Rome Rescues Anglo-Catholics. Who will Rescue Anglican's Evangelicals?

Commentary

By David W. Virtue
www.virtueonline.org
November 11, 2009

By all accounts it was a brilliant move. The Vatican suddenly announced that a personal ordinariate would be made available to traditionalist Anglicans in the Anglican Communion, offering them a place of refuge and catching off guard the Archbishop of Canterbury. For the first time there is a sense in which Rome is recognizing that you can be Anglican and Roman Catholic.

It was a shrewd move that angered liberal Catholics like Hans Kung and threw into doubt the long standing history of Roman Catholic Anglican unity talks known as ARCIC. The ball game has changed forever. ARCIC may well be dead. At least that's the view of Rochester Bishop Michael Nazir-Ali. He may well be right.

The Church of England's toleration of gay clerics, ordained women and the future prospect of women bishops and The Episcopal Church's further and further drift from the historic Christian Faith while preferring to engage the culture by merging with it brought a sharp response from the Pontiff. Pope Benedict XVI moved quickly to stem the hemorrhaging of both Anglican churches. Rather than tolerating the excesses of the culture, he engaged it by condemning those things he saw as fatally flawed from a faith-based perspective.

Even as The Episcopal Church applauded pansexuality, the Pope condemned it. Even as the Pope condemned abortion, Episcopal leaders applauded it. Even as women moved into ecclesiastical places of power, the Pope disapproved of it. The rift was a mile wide and growing deeper by the day. A wall of ice had descended between the two church super powers.

As Rowan Williams continued to dither, the Pope heard the cry of Anglo-Catholics around the world and finally acted. Reflecting on this, Bishop John Broadhurst, leader of Forward in Faith UK, said he was increasingly "horrified" that the Church of England was prepared to accommodate those who believed in the ordination of women bishops, but rejected any notion that traditionalists cannot have a Third Province - a jurisdiction of their own and an interdependent life within the Church of England.

Instead the Church of England has offered and honored the requests to consecrate women dashing its own ecumenical hopes as well as those of traditionalists
in her bosom.

"This situation must not be used to damage the Church of England but I do believe we have a valid claim on our own heritage in history. The doctrinal standard demanded by Rome is the New Catechism which most of us use any way," concluded Broadhurst.

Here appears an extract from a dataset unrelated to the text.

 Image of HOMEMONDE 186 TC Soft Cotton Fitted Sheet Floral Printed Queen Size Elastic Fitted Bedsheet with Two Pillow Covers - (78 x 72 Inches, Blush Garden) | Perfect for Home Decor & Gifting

Will hoards of disenchanted Anglo-Catholics now rush to accept Rome's offer? The answer seems to be no. Few in England will become Roman Catholic, said the Bishop of Leicester, the Rt. Rev. Tim Stevens, to a BBC presenter. Is it significant or over-hyped? It has been said that as many as half a million Anglicans and 50 of their bishops world-wide could take advantage of this invitation. But the Archbishop of Canterbury, Dr. Rowan Williams is playing the situation down. Whatever the outcome of this unprecedented move it will only become apparent in the fullness of time.

The bigger and unasked question is this: What lays hence for Evangelicals within the Church of England and those abroad?

Church of England commentator Peter Ould, an evangelical, noted the fine print in the Pope's offer and found this.

1.5 The Catechism of the Catholic Church is the authoritative expression of the Catholic faith professed by members of the Ordinariate.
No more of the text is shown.